» **What needs to be done**: Beneath this instruction is a listing; print exactly the lines in it starting at the line that contains "कटनी में घर" and going through the line that contains "用***4完全开放一物一拍一物一发".

» **Provided material**:
╔══

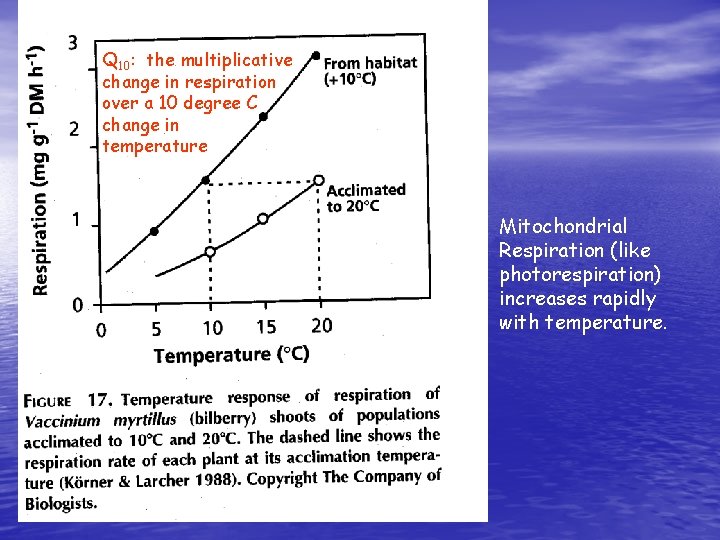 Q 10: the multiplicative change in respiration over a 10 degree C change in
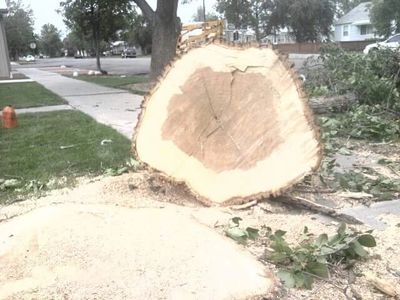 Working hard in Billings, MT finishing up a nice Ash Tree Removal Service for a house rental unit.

╚══
╔══

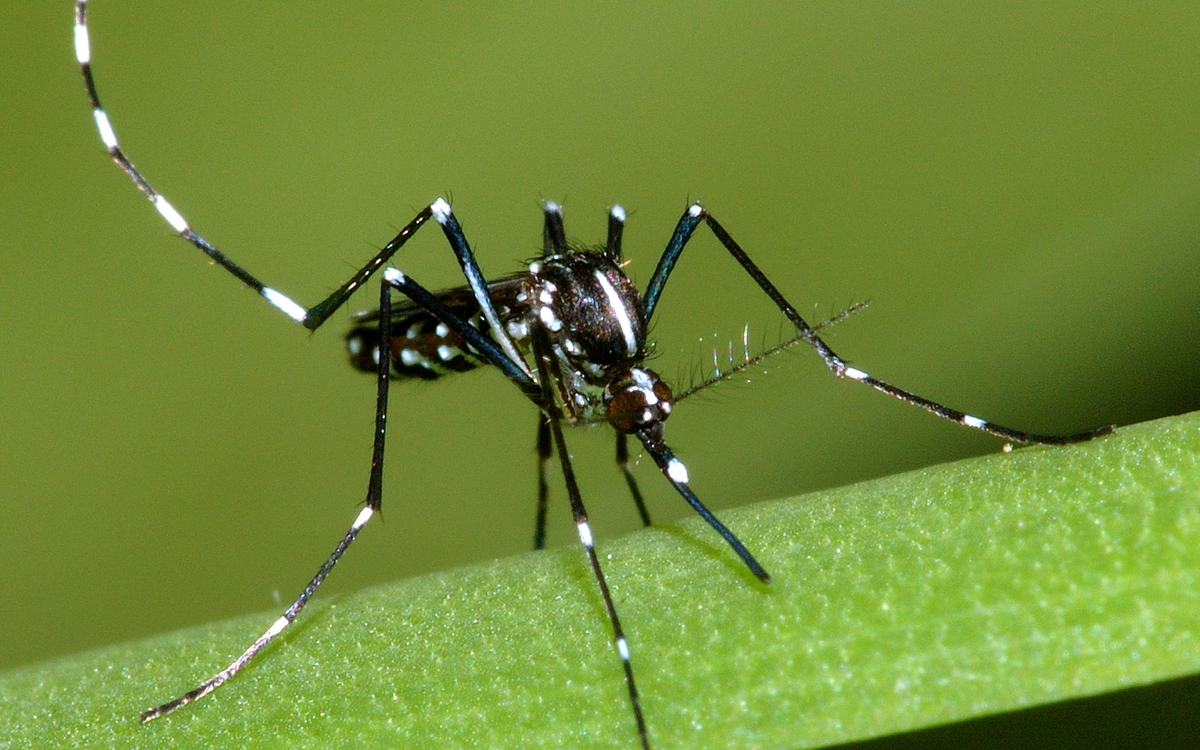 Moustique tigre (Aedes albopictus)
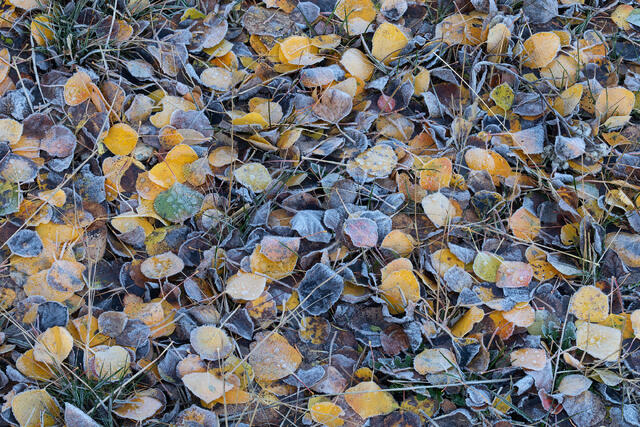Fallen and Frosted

╚══
╔══

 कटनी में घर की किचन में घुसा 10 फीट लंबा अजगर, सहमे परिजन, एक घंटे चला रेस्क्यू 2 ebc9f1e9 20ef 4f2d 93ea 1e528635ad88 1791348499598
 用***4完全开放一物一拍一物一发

╚══

» **Your response**:
 कटनी में घर की किचन में घुसा 10 फीट लंबा अजगर, सहमे परिजन, एक घंटे चला रेस्क्यू 2 ebc9f1e9 20ef 4f2d 93ea 1e528635ad88 1791348499598
 用***4完全开放一物一拍一物一发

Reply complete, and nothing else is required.